====== Provided entries
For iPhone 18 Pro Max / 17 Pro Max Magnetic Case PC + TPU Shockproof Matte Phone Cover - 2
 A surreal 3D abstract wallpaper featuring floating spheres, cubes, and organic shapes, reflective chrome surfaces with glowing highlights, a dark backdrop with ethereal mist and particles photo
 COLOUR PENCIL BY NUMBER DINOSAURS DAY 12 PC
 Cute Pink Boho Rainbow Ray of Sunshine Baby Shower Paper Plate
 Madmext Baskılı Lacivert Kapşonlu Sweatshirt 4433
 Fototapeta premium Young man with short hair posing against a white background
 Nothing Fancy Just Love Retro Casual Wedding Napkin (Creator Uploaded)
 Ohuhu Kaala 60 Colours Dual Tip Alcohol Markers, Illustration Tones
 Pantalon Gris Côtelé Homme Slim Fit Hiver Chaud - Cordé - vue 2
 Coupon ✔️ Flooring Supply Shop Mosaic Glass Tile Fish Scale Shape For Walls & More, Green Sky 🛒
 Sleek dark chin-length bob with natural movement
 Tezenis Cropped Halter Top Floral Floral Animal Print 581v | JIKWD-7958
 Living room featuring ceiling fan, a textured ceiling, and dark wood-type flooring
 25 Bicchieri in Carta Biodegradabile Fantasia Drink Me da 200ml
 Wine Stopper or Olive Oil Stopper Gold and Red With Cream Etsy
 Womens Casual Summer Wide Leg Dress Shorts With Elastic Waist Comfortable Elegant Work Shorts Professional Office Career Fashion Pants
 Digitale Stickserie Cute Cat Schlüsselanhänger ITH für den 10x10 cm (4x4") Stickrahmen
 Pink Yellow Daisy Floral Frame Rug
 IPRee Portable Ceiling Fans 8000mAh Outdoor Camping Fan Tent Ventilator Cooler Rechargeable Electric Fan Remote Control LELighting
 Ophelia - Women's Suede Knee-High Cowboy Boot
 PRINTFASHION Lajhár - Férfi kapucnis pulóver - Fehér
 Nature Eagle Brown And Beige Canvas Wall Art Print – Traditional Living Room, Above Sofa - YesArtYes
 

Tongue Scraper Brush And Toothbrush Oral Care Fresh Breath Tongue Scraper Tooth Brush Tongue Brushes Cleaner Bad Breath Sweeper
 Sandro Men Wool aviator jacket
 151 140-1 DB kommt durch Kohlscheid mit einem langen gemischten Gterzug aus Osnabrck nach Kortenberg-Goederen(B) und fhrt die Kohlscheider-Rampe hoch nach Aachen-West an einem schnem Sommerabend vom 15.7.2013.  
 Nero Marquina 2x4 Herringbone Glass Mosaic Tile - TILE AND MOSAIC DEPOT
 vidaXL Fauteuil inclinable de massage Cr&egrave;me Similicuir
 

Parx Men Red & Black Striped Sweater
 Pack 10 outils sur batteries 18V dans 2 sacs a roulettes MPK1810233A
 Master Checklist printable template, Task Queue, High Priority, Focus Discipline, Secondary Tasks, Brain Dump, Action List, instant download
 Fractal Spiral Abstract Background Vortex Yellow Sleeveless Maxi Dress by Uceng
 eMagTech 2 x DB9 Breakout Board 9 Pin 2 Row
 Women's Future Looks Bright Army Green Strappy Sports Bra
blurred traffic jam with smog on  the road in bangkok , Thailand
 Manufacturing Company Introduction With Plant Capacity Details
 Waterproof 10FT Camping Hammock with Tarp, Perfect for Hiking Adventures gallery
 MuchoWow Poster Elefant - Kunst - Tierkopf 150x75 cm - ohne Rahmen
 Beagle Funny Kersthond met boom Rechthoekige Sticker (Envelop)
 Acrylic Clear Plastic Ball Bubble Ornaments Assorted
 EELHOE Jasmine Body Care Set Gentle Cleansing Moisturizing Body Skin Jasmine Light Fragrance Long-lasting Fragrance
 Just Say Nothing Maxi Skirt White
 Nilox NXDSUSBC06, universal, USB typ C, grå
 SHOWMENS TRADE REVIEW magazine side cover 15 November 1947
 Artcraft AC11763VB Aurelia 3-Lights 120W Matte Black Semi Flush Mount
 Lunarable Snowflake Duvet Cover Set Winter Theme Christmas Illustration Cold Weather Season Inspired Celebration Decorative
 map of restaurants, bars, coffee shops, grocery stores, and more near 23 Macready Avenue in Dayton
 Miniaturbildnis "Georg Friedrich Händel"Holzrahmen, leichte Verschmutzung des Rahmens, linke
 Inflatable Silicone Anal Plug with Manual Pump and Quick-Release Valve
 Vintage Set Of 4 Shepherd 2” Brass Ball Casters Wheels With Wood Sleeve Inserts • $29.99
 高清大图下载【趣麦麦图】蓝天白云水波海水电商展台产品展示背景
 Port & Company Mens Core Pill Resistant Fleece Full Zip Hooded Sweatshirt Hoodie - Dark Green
============
» Assigned task
Copy out all lines of the material containing the word "Green".

» Answer to the problem
 Coupon ✔️ Flooring Supply Shop Mosaic Glass Tile Fish Scale Shape For Walls & More, Green Sky 🛒
 Women's Future Looks Bright Army Green Strappy Sports Bra
 Port & Company Mens Core Pill Resistant Fleece Full Zip Hooded Sweatshirt Hoodie - Dark Green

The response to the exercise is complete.